Member of the National Assembly
- In office May 1994 – April 2004
- Constituency: Free State

Personal details
- Born: 12 February 1953 (age 73)
- Citizenship: South Africa
- Party: African National Congress

= Mietha Coetzee-Kasper =

South African politician

Mietha Patricia Coetzee-Kasper (born 12 February 1953), also known as Patricia Coetsee, is a South African politician who represented the African National Congress (ANC) in the National Assembly from 1994 to 2004. She served the Free State constituency.

== Legislative career ==
Coetzee-Kasper was born on 12 February 1953. In South Africa's first post-apartheid elections in 1994, she was elected to represent the ANC in the National Assembly, the lower house of the new South African Parliament. She was elected to a second term in 1999 and served the Free State constituency, manning the ANC's constituency office in Meloding.

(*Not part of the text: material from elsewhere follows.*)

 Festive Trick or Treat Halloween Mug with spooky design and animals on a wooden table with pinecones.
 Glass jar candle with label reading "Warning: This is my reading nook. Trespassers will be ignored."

In 2006, after she had left Parliament, Coetzee-Kasper was questioned in a liquidation inquiry arising from the Travelgate scandal, which concerned the abuse of parliamentary travel vouchers by MPs. Liquidators alleged that Coetzee-Kasper's travel vouchers had been used to pay for air tickets worth R70,940; Parliament had apparently paid for the tickets but they had not been used and had been refunded to the travel agency. Coetzee-Kasper said that she did not know what had happened to the money involved.